The Australian Competition and Consumer Commission has extended the timeline for its review of Transurban’s bid for the WestConnex toll road project, delaying the decision until 6 September.
The ACCC published a statement of issues concerning Transurban’s bid in May and indicated a deadline of July 19 for the completion of its review. This has been pushed back to September to allow the organisation “sufficient time to consider the competition issues relating to the proposed acquisition”, it said in a statement.
ACCC chairman Rod Sims said the competition watchdog had not taken the decision lightly as this “may have flow-on impacts for the WestConnex sale process”, but “needs to get to the bottom” of any competition concerns before making a ruling.
Final bids for a 51 percent stake in the Sydney Motorway Corporation, the New South Wales Government-owned entity charged with developing and operating WestConnex, are due on 23 July.
The NSW Government is now considering whether to extend the bidding process to allow Transurban to compete or continue with only one realistic bidder, a source familiar with the process told Infrastructure Investor.
The only other bidder for WestConnex is a consortium led by IFM Investors, the Melbourne-based asset manager. IFM declined to comment on the ACCC statement.
WestConnex is the largest road project under construction in Australia and “a major transaction in the context of NSW toll roads, arguably the most significant in [the country] in the foreseeable future”, according to Sims. It will comprise 33 kilometres of interconnected motorways and road upgrades. The project will be carried out in three stages and is estimated to cost A$16.8 billion ($12.5 billion; €10.7 billion).
In its February statement of issues, the ACCC raised two concerns about the bid from Sydney Transport Partners, a consortium led by Transurban as the majority interest holder, with AustralianSuper, Canada Pension Plan Investment Board and Tawreed Investments holding minority stakes.
First was the impact on future toll road concessions, with the ACCC contending that incumbent operators have significant advantages over non-incumbents when bidding for subsequent concessions due to knowledge of detailed traffic data and the ability to leverage existing concessions. Transurban owns or has a controlling stake in 15 of 19 toll road concessions in Australia and seven of nine in NSW.
The second concern centred around reduced competition between existing toll roads, as motorists could substitute WestConnex roads for certain other Transurban-owned stretches when travelling to certain destinations. An alternative WestConnex bidder could lead to lower tolls and better service, the ACCC contended.

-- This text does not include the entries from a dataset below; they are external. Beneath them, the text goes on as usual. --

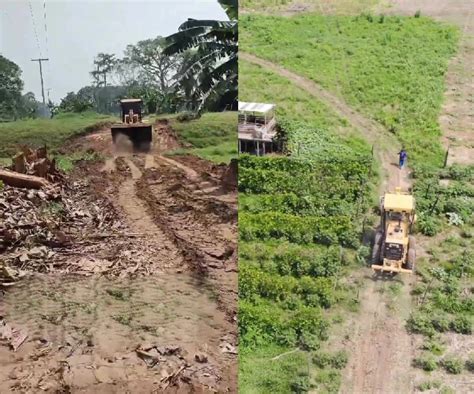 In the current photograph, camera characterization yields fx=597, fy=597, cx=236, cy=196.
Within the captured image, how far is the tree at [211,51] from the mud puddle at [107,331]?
1192 millimetres

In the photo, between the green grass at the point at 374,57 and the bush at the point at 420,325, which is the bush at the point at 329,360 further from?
the green grass at the point at 374,57

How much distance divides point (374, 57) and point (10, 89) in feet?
20.8

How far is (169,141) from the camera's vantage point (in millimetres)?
3535

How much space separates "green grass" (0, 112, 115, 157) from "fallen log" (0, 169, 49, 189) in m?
0.11

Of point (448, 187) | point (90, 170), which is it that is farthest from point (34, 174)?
point (448, 187)

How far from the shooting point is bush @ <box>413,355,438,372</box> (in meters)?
4.66

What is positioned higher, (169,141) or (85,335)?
(169,141)

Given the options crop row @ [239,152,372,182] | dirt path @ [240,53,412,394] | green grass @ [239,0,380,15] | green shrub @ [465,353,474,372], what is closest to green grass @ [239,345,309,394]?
dirt path @ [240,53,412,394]

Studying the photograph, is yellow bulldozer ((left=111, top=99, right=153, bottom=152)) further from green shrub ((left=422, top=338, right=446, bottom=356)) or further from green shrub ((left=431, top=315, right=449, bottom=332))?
green shrub ((left=431, top=315, right=449, bottom=332))

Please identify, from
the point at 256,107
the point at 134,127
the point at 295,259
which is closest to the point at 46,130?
the point at 134,127

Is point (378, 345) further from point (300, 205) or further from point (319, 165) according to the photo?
point (319, 165)

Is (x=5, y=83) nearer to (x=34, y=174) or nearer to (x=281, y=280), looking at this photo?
(x=34, y=174)

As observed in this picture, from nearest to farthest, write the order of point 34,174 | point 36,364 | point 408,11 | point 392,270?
point 36,364 → point 34,174 → point 392,270 → point 408,11

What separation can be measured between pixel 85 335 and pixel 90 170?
3.10ft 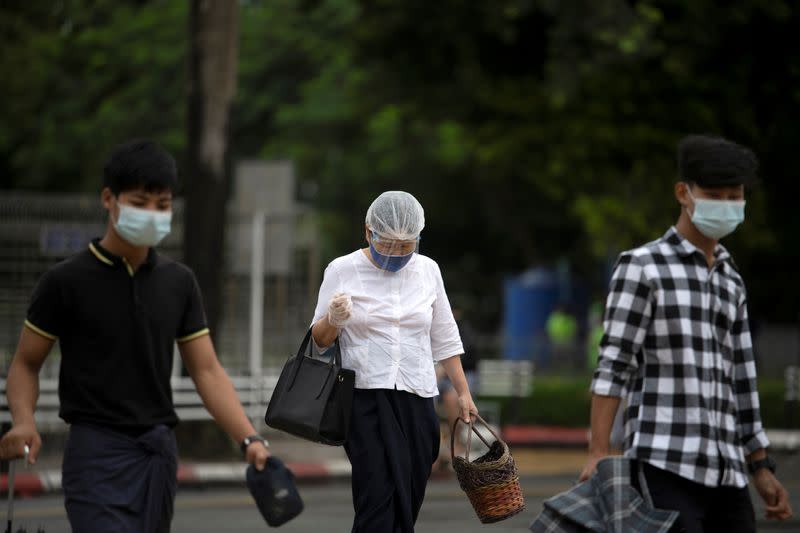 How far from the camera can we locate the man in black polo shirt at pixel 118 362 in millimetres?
4598

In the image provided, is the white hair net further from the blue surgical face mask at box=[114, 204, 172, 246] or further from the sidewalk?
the sidewalk

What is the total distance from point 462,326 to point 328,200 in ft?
96.3

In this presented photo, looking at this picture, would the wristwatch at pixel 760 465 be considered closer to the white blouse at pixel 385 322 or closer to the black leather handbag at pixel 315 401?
the white blouse at pixel 385 322

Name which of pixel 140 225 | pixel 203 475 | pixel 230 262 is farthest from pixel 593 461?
pixel 230 262

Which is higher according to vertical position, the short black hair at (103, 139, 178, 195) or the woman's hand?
the short black hair at (103, 139, 178, 195)

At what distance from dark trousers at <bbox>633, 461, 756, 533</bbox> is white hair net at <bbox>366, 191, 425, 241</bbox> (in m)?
1.31

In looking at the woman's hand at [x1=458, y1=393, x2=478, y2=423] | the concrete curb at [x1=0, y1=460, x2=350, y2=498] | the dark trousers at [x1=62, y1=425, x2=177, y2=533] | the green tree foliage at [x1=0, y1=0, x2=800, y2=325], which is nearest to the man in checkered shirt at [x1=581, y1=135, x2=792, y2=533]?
the woman's hand at [x1=458, y1=393, x2=478, y2=423]

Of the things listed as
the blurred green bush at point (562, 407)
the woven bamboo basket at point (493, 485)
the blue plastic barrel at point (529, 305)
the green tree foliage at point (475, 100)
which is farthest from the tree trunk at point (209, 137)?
the blue plastic barrel at point (529, 305)

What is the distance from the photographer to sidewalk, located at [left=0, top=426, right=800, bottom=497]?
13.2 m

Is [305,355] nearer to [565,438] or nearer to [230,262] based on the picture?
[230,262]

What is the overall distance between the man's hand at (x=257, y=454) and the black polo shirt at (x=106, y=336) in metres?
0.32

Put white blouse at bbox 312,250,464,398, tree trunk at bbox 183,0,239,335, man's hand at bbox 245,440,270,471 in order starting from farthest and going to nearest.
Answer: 1. tree trunk at bbox 183,0,239,335
2. white blouse at bbox 312,250,464,398
3. man's hand at bbox 245,440,270,471

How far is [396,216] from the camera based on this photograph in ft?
18.2

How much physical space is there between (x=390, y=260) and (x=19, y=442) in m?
1.64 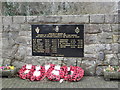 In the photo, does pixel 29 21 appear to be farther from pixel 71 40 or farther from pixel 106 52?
pixel 106 52

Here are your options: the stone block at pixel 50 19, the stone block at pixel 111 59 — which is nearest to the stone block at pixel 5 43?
the stone block at pixel 50 19

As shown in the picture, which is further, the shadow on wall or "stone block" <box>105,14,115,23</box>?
the shadow on wall

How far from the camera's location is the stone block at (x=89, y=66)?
4961 millimetres

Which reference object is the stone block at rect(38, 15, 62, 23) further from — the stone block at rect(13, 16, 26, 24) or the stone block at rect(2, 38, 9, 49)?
the stone block at rect(2, 38, 9, 49)

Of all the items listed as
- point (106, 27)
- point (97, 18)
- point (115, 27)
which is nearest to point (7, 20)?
point (97, 18)

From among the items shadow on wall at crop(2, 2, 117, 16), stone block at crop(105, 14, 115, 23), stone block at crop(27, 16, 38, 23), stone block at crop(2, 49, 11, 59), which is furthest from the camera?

A spokesman for NSW Treasury said in a statement: “The government is aware of the delay relating to the ACCC’s review of the proposed bid by the Sydney Transport Partners consortium for the acquisition of 51 per cent of Sydney Motorway Corporation.
“The government is committed to securing the sale proceeds that will help fund the critical M4-M5 Link,” he added.
In a statement to the ASX, Transurban said it was aware of the ACCC decision and that it was “engaging with the NSW Government” regarding the sale process.
Sydney Motorway Corporation and Transurban did not respond to requests for comment.